• **WHAT IS EXPECTED**: Copy out exactly the lines from the one containing "Midsection of man preparing food on table" through the end of the records, and no pictures.

Short text fragments from websites:
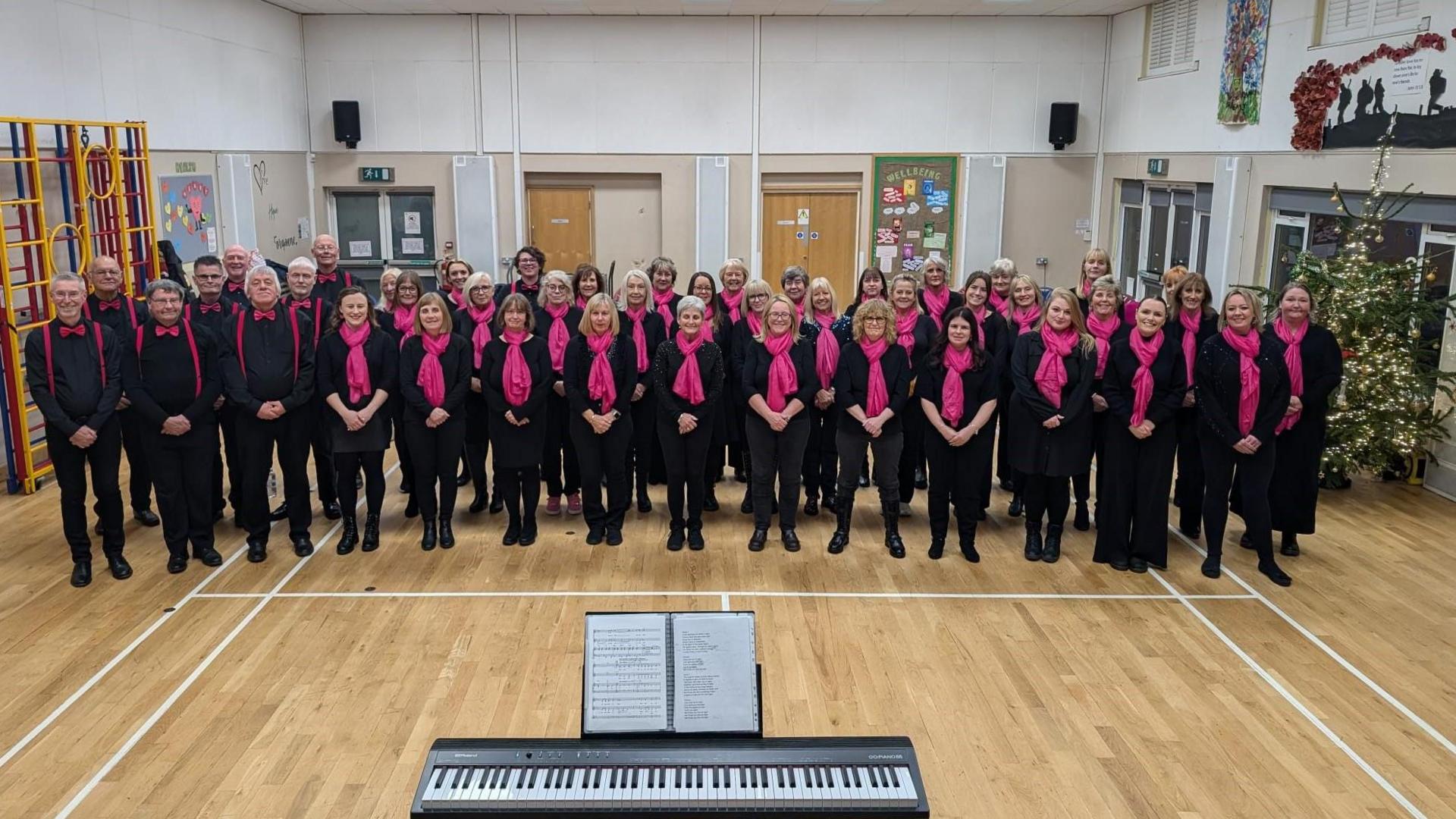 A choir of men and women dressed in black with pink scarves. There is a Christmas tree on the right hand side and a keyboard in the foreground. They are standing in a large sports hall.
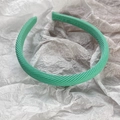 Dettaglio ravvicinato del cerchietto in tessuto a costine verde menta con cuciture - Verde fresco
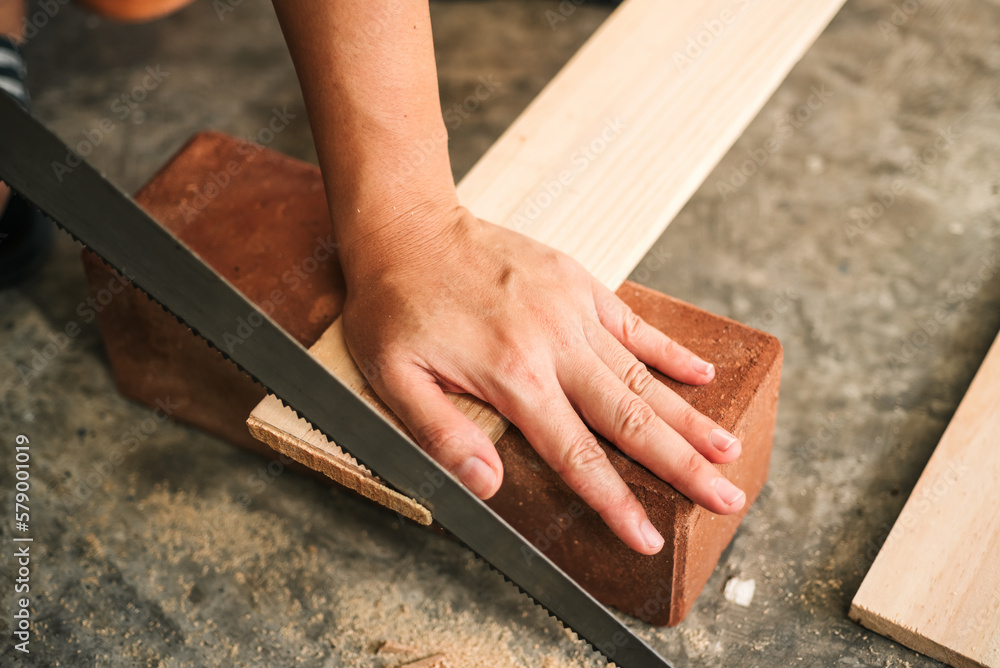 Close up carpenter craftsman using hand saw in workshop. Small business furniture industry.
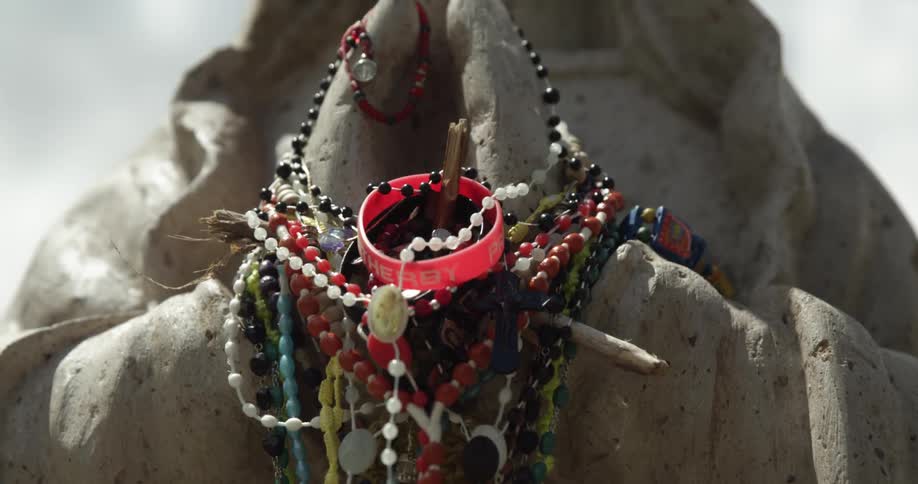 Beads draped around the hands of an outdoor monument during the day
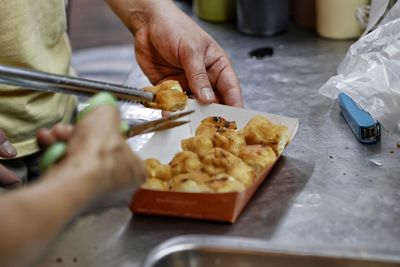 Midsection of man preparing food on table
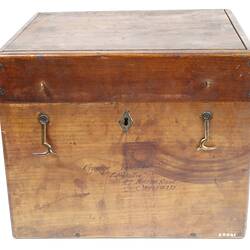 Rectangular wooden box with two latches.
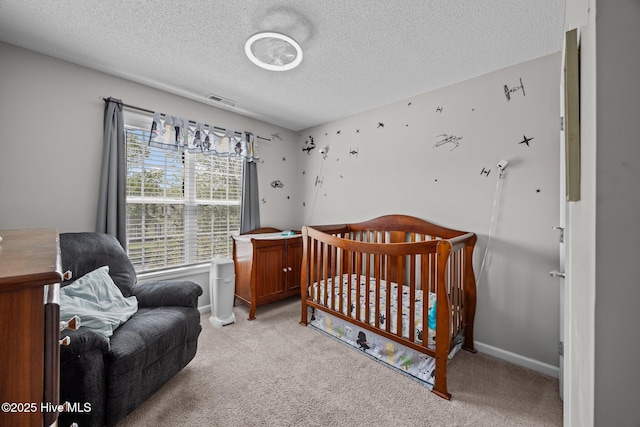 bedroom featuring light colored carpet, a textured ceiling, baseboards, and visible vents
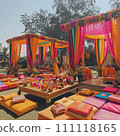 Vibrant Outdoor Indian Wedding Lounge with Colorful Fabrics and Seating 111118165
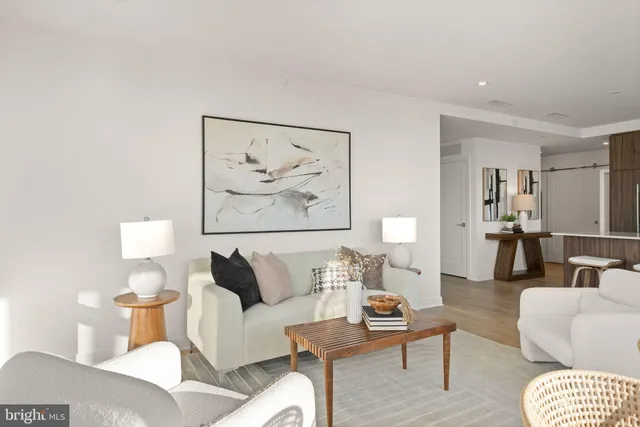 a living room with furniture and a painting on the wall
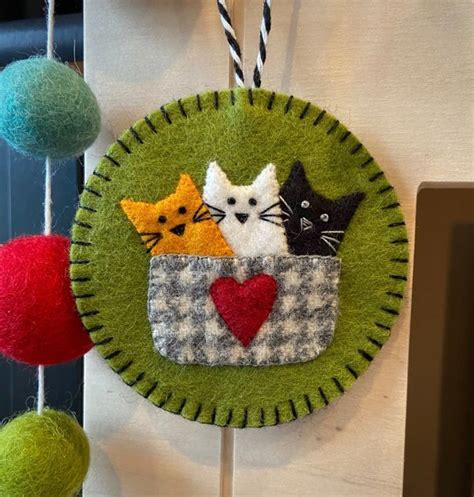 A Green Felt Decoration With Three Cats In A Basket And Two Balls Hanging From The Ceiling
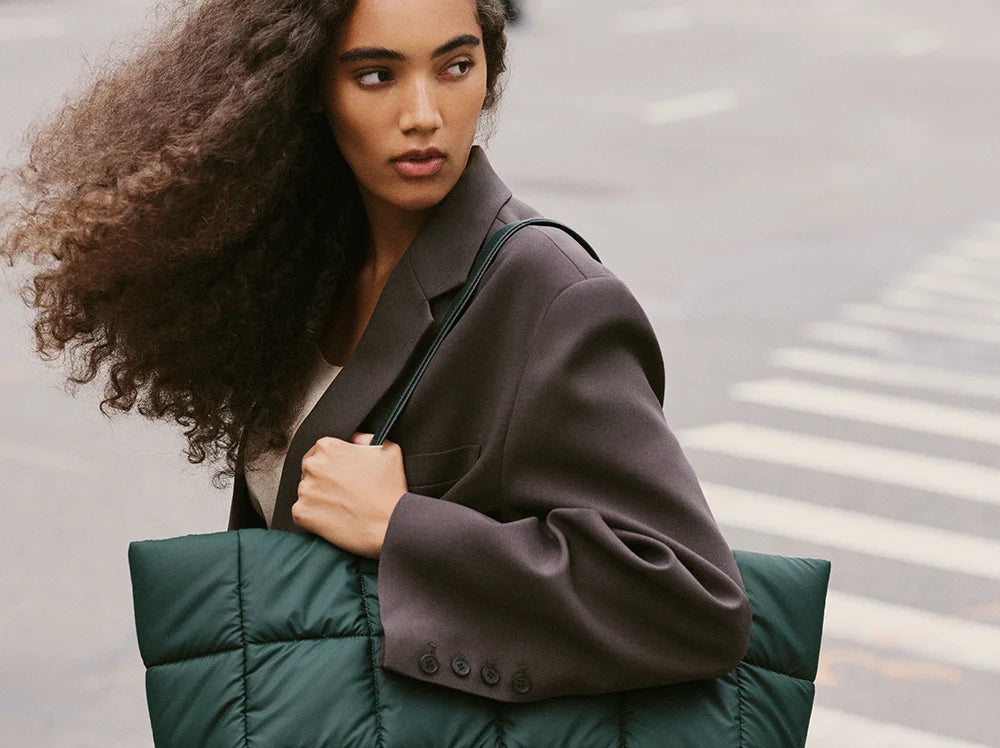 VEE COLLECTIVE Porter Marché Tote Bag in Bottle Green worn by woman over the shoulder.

• **TASK RESULT**:
 Midsection of man preparing food on table
 Rectangular wooden box with two latches.
 bedroom featuring light colored carpet, a textured ceiling, baseboards, and visible vents
 Vibrant Outdoor Indian Wedding Lounge with Colorful Fabrics and Seating 111118165
 a living room with furniture and a painting on the wall
 A Green Felt Decoration With Three Cats In A Basket And Two Balls Hanging From The Ceiling
 VEE COLLECTIVE Porter Marché Tote Bag in Bottle Green worn by woman over the shoulder.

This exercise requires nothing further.